Interesting article below by Dani Garavelli from Scotland on Sunday, entitled "Lacking Dutch Courage". I will be charitable and assume from the use of past tense that Dani no longer regards members of UKIP as wild eyed oddballs. The really telling paragraph however comes right at the end. With the sentiments in this last paragraph I agree 100%
IT'S weird and somewhat unsettling to find yourself allied with members of UKIP you previously regarded as wild-eyed oddballs, and with Tory peers whose very existence you disapprove of. And it is bewildering to feel the need to rally to the defence of as distasteful a figure as Geert Wilders. But convictions are convictions, no matter how odious the personalities of those who set out to test the limits of them. And freedom of speech is one of those convictions that go to the very heart of what it used to mean to be British.
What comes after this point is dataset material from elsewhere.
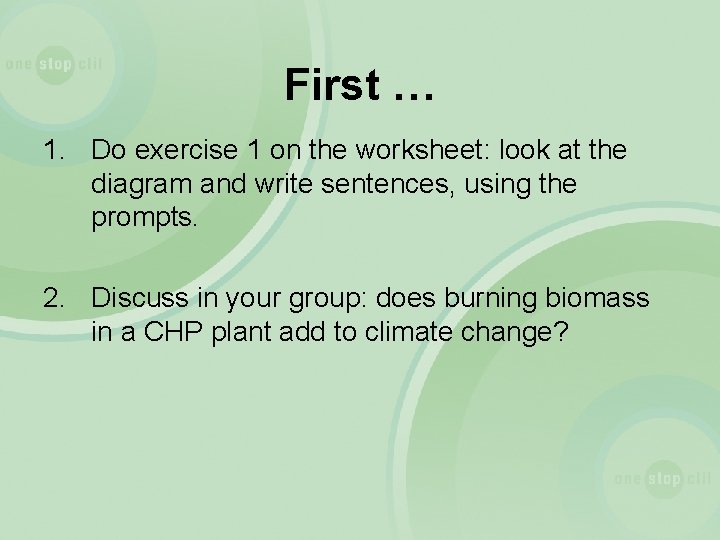 First … 1. Do exercise 1 on the worksheet: look at the diagram and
This is something the Government seems to have overlooked in its eagerness to get the rabble-rousing Dutch MP off its soil before his anti-Islamic opinions stirred up religious division in a country already riven by them.
Far from highlighting its liberal credentials, the way it capitulated in the face of a prospective Muslim backlash showed how far the country has travelled since the publication of Salman Rushdie's The Satanic Verses in 1988 prompted Iran to issue a fatwa against him. Back then, the Government of the day was prepared to break diplomatic relations with a foreign power to protect the rights of individuals to insult religions. This Government doesn't even have the gumption to take on a handful of extremists within its own borders.
It isn't as if the pendulum has swung that far since the Rushdie affair – that where once we sought to protect the rights of people to offend, we now protect the rights of people not to be offended. If that were the case, buses wouldn't be allowed to carry slogans saying: "There's probably no God. Now stop worrying and enjoy your life"; and everything from the plaster cast of Christ with an erection exhibited last year in Newcastle's Baltic Vaults, to Jerry Springer: the Opera would be banned.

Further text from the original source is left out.